What this task involves:
Only one span is wanted from the lines below: from the one with "Indian Bollywood Artistic" up to and including the one with "Small Pet Select". Copy it exactly, without images.

Source material:
........
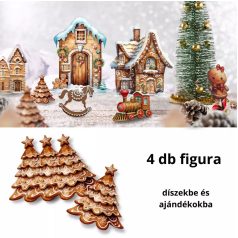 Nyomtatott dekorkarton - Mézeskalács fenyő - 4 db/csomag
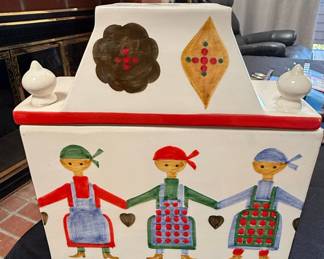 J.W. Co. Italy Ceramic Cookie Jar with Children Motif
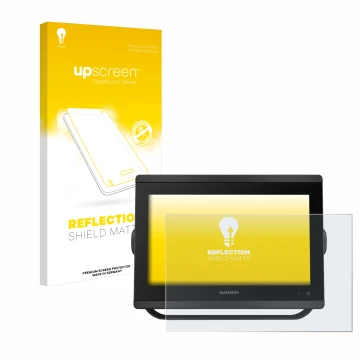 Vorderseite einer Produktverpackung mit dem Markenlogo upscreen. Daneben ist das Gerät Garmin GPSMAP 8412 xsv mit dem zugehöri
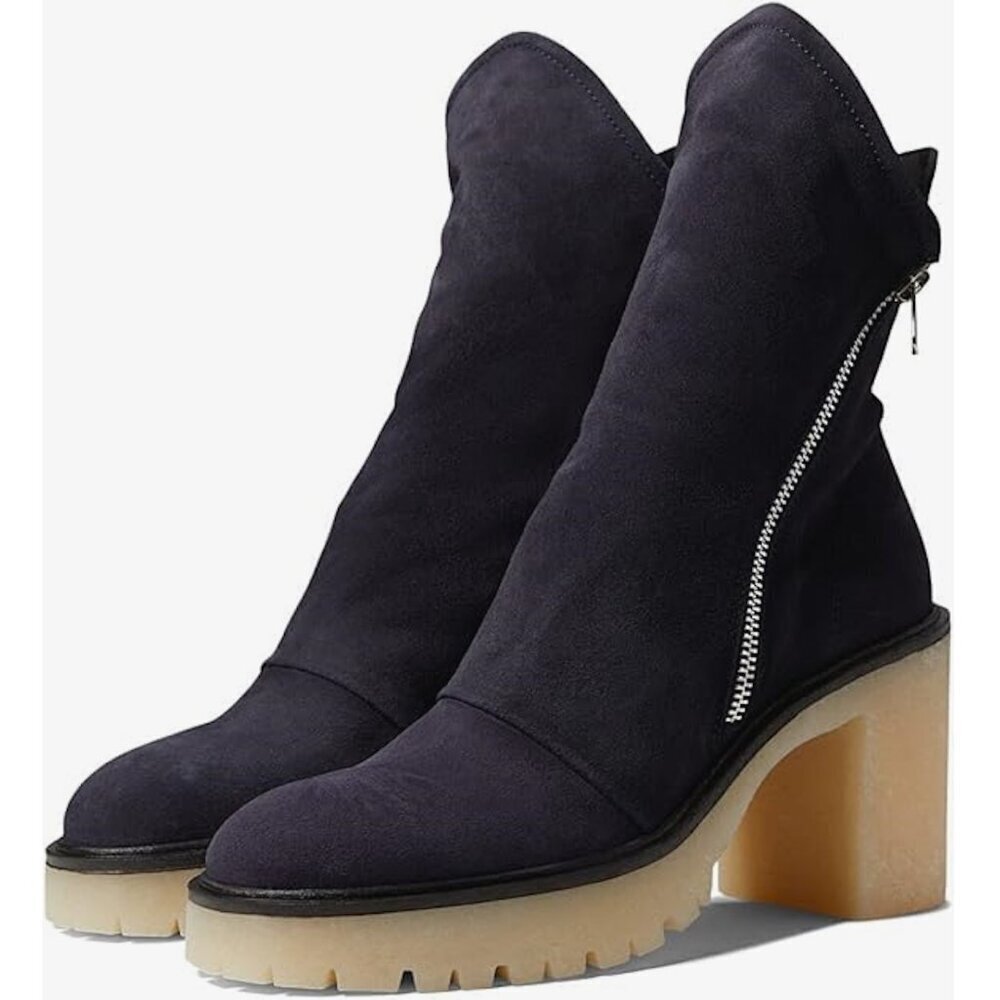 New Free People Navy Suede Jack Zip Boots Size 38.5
........
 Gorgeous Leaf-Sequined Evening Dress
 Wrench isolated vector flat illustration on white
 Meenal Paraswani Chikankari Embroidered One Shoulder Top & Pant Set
........
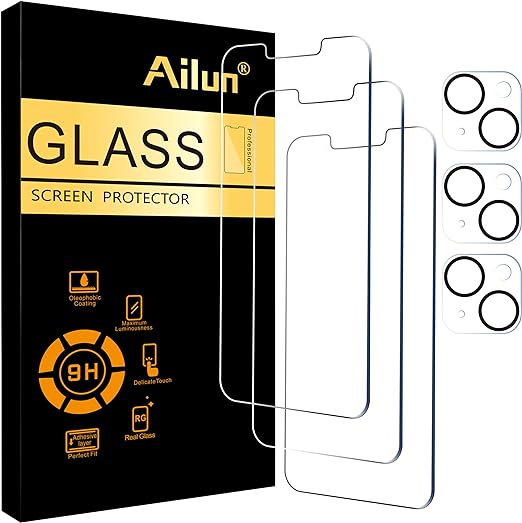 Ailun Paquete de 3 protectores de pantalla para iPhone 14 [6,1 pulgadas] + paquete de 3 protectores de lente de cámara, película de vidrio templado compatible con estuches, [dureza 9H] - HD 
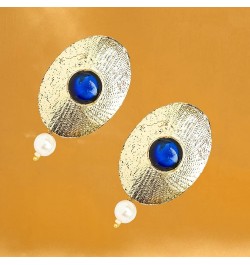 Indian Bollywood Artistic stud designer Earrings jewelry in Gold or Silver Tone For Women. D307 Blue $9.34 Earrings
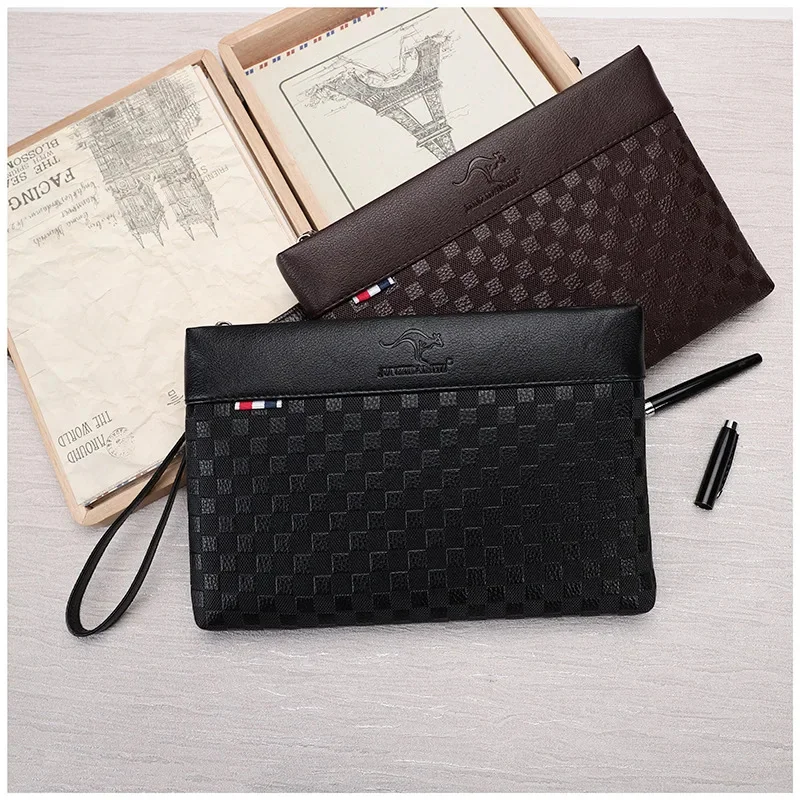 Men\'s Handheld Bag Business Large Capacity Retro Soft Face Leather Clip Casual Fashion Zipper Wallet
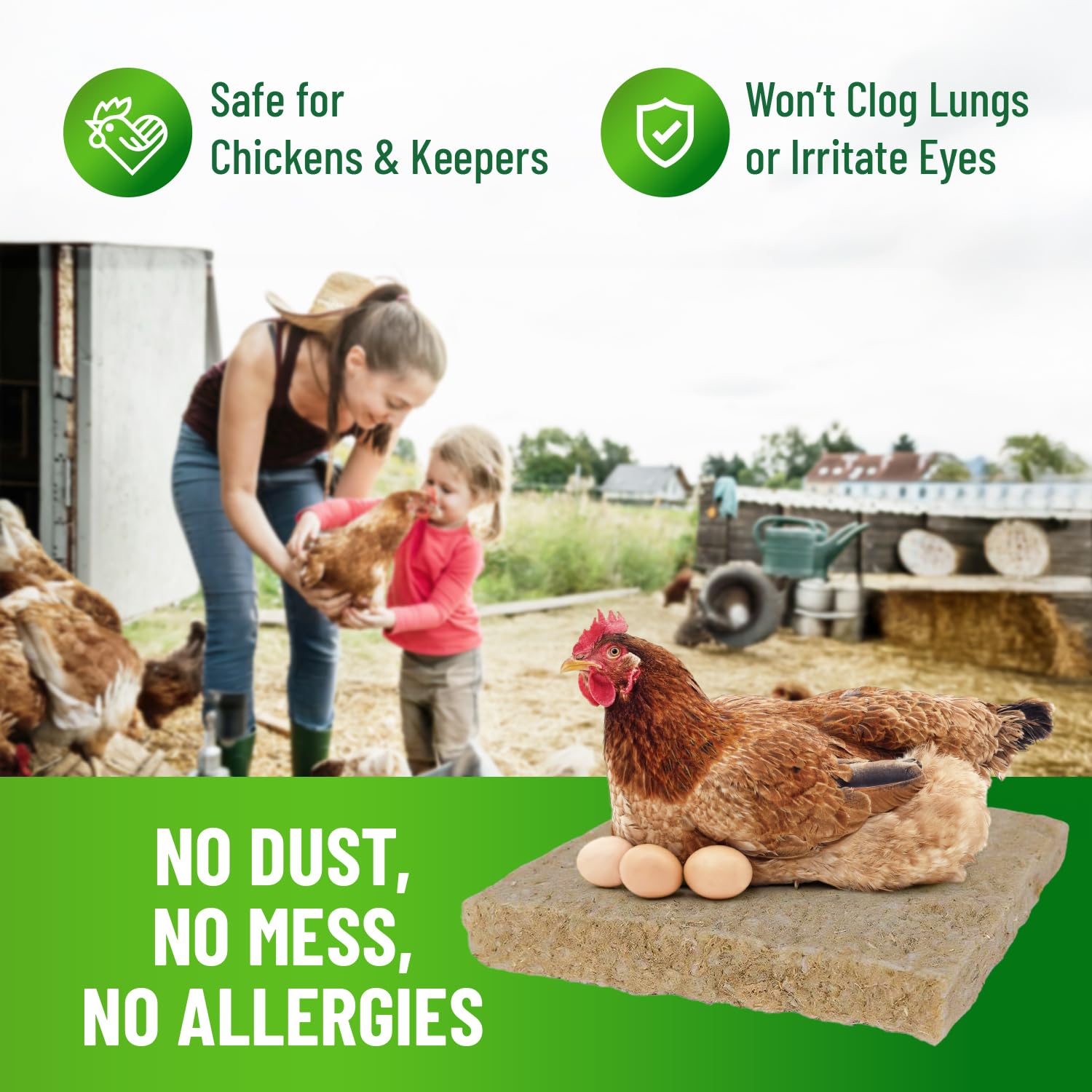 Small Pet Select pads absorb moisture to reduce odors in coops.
........
Reply to the exercise:
 Indian Bollywood Artistic stud designer Earrings jewelry in Gold or Silver Tone For Women. D307 Blue $9.34 Earrings
 Men\'s Handheld Bag Business Large Capacity Retro Soft Face Leather Clip Casual Fashion Zipper Wallet
 Small Pet Select pads absorb moisture to reduce odors in coops.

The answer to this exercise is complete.